人があとから“有名な星座をこじつけて当てはめている”可能性や、点の並びが偶然そう見えるだけかもしれないという疑いも常につきまとってきました。
「世界最古の星図」に存在しない星が描かれていた可能性がある / 石板に刻まれた模様(ノミ痕)が本当に星座を表しているかを検証するために、実際の星空と重ね合わせて比べた図です。ここで描かれているのは「さそり座の尾」の部分です。水色で示された円が石板上の刻印を表し、その位置や並び方が実際の星座と一致するかを調べています。 この比較に使われた星空の画像は、天体シミュレーションソフト『Stellarium』によって作られています。実際に星座が見える位置や大きさに合うように、研究者が手作業で星図のサイズや角度を調整しています。こうした調整を行った結果、石板の刻印(特に1〜9番)が、さそり座の尾にあたる部分の星々と驚くほどよく一致しました。刻印の大きさは約7mmで、これは夜空の約1度分に相当します。 特に深く刻まれた1番の刻印は、さそり座で最も明るい星アンタレス(Antares)に対応しており、位置も非常に近くなっています。さらに、刻印の並び方はアンタレスから順番に星座の尾の方向に伸びており、全体のパターンが非常に自然であることが確認されました。 一方、右上の方に赤色で示された21〜23番の刻印は、この星座のどの星とも一致していません。これはさそり座とは別の星団(プレアデス星団)の一部として別の図で議論されています。

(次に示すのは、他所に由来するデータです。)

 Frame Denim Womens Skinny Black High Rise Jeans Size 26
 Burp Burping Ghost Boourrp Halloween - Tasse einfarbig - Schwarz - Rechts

そんななか、今回のルピンピッコロ石板研究が特に注目されるのは、刻み跡の位置を実際の星座の位置と統計的に比較する手法が使われ、その結果、これまでの“象徴や神話的表現”だけと見る考えでは説明が難しいほど偶然ではない一致が確認されたことです。
具体的には、刻みの直径やスケールを調べた結果、相関係数がおよそ0.98〜0.99という高い数値が出ており、偶然の配置である可能性が非常に低いとされます。